──────── Dataset records ────────

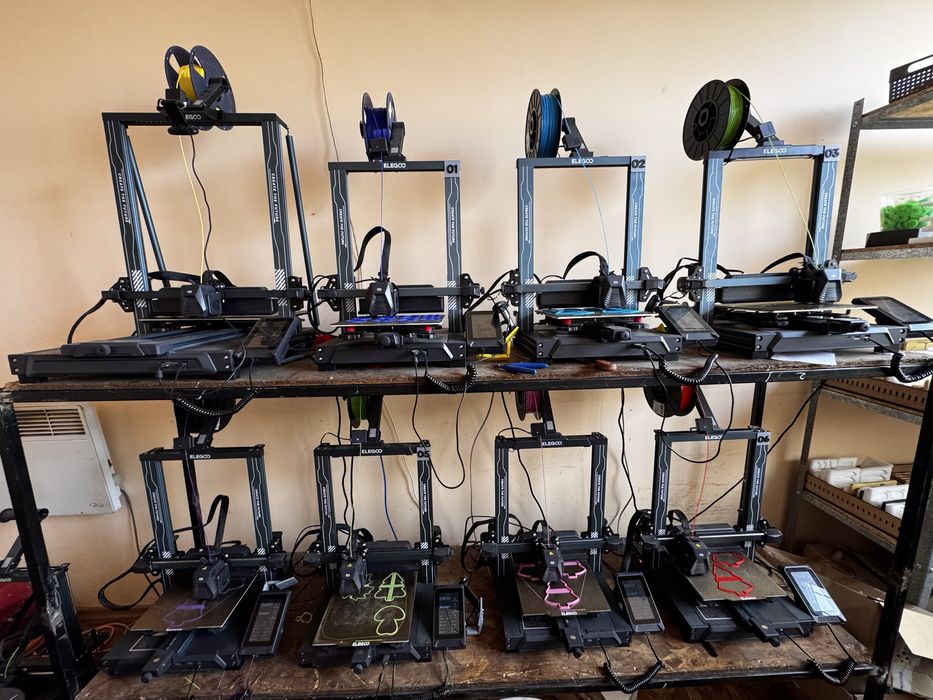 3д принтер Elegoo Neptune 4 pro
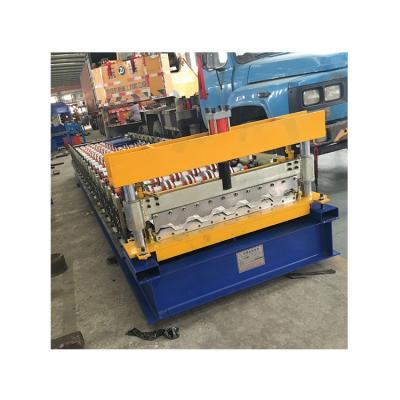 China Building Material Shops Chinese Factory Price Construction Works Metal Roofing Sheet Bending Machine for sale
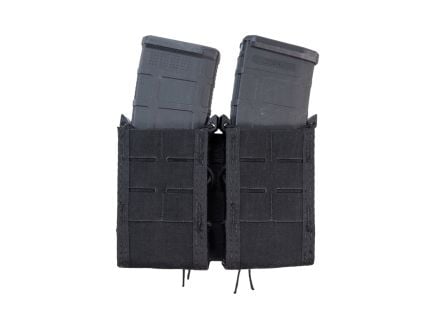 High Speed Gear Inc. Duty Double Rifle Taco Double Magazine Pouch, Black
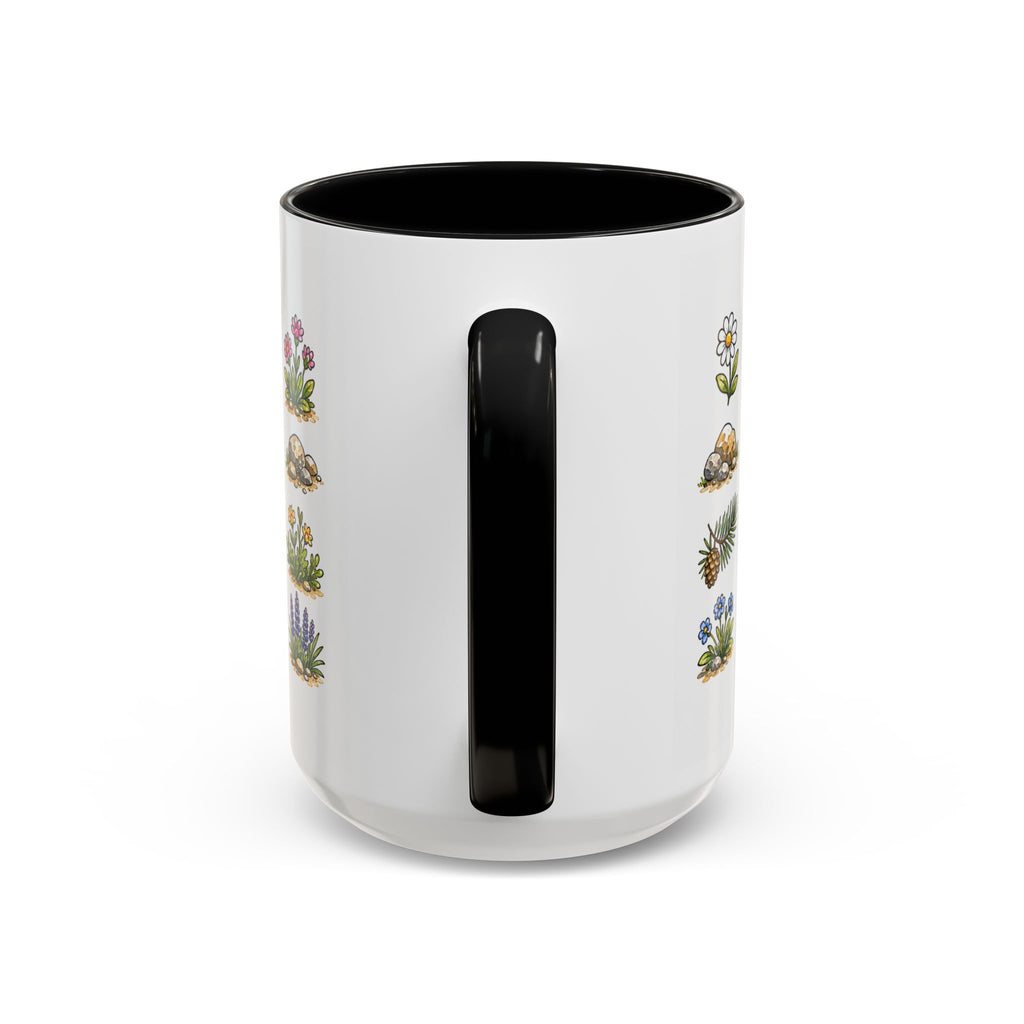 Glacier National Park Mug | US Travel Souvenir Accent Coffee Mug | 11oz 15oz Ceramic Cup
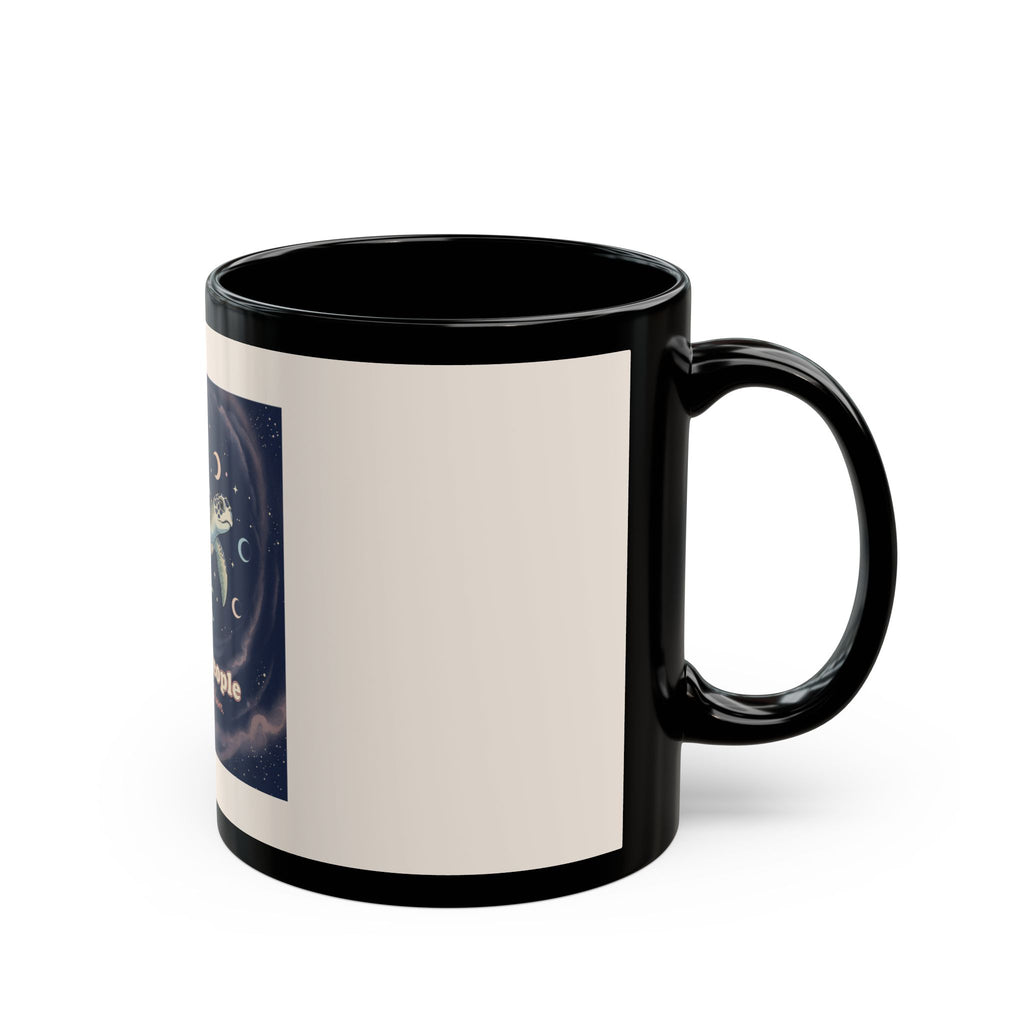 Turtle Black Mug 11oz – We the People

────────

Could you copy all of the entries above exactly, without the pictures?

» **Finished exercise**:
 3д принтер Elegoo Neptune 4 pro
 China Building Material Shops Chinese Factory Price Construction Works Metal Roofing Sheet Bending Machine for sale
 High Speed Gear Inc. Duty Double Rifle Taco Double Magazine Pouch, Black
 Glacier National Park Mug | US Travel Souvenir Accent Coffee Mug | 11oz 15oz Ceramic Cup
 Turtle Black Mug 11oz – We the People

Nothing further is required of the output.